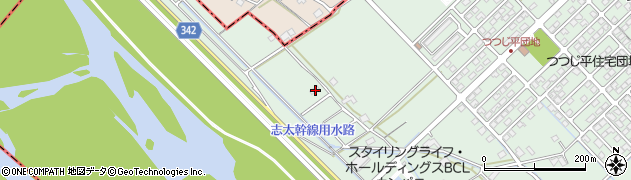 静岡県焼津市上泉116周辺の地図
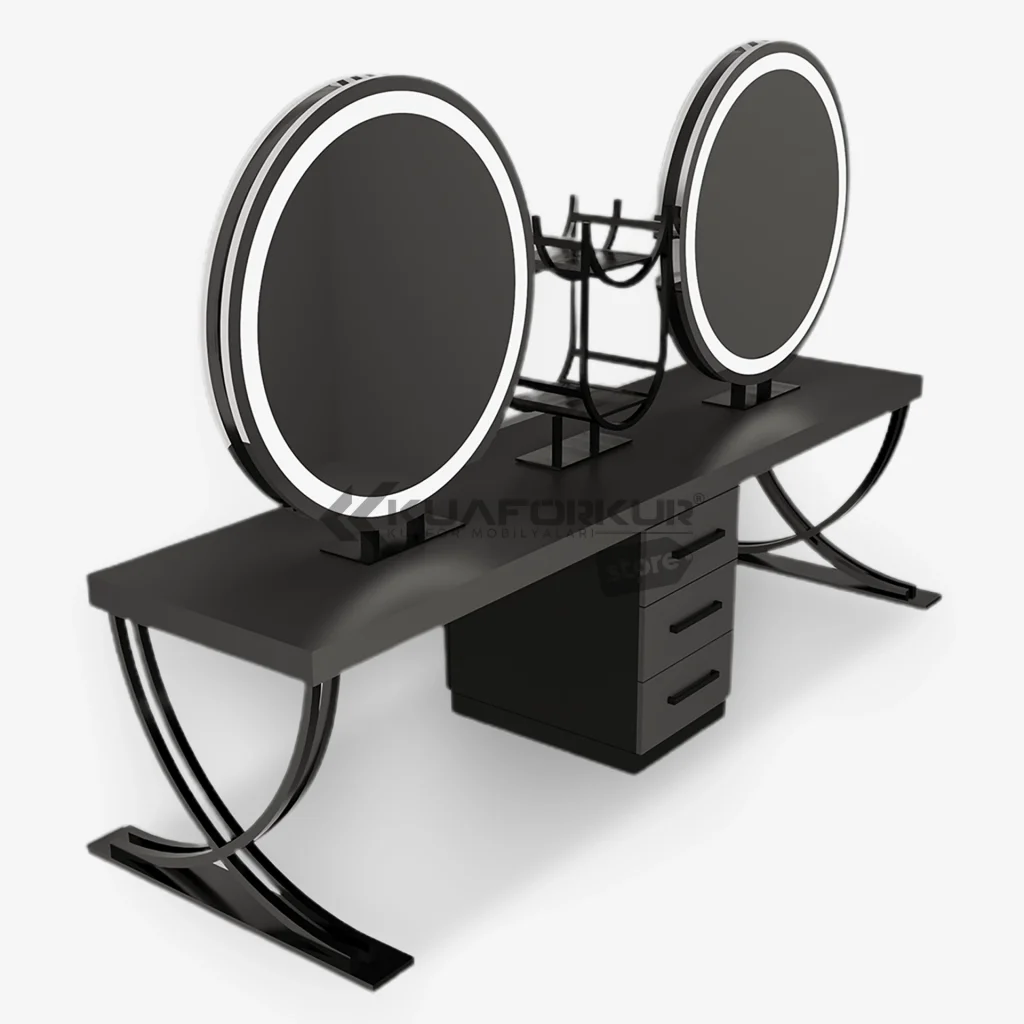 Çift Yönlü Bayan Kuaför Tezgahı (KFK 605)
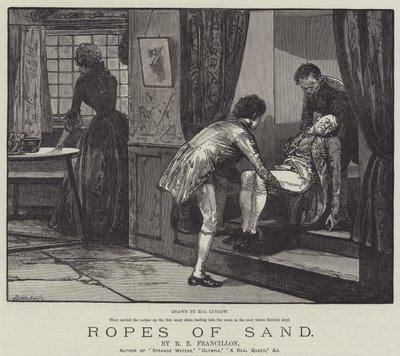 Cordes de sable, par R E Francillon - Henry Stephen Ludlow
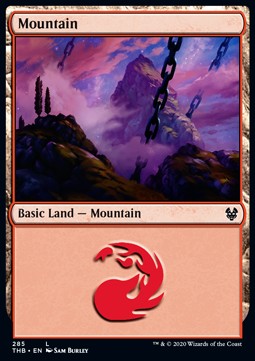 Mountain (V.2) - Theros Beyond Death: Extras (Land) [XTHB-285] Imagen principal del producto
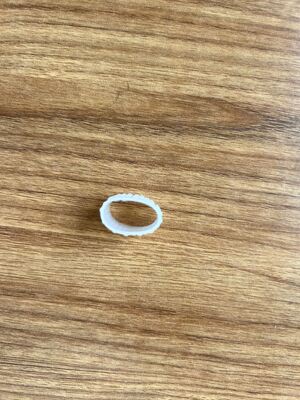 Anello in gomma per alimentatore a rulli per pneumatici per rack di guaine 334F01019 per pezzi di ricambio per minilab digitali Fuji Frontier 350 370 355 fornitore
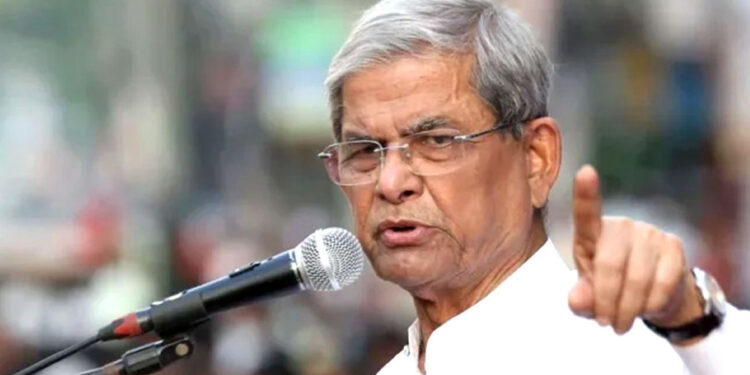 স্বাধীনতাবিরোধীরা আবার মাথা চাড়া দিয়ে উঠতে চায়: মির্জা ফখরুল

***

# Requirement
Every picture stays out; reproduce exactly the lines from the one with "Mountain (V.2) - Theros" through the last line of the data above.

# Task solution
 Mountain (V.2) - Theros Beyond Death: Extras (Land) [XTHB-285] Imagen principal del producto
 Anello in gomma per alimentatore a rulli per pneumatici per rack di guaine 334F01019 per pezzi di ricambio per minilab digitali Fuji Frontier 350 370 355 fornitore
 স্বাধীনতাবিরোধীরা আবার মাথা চাড়া দিয়ে উঠতে চায়: মির্জা ফখরুল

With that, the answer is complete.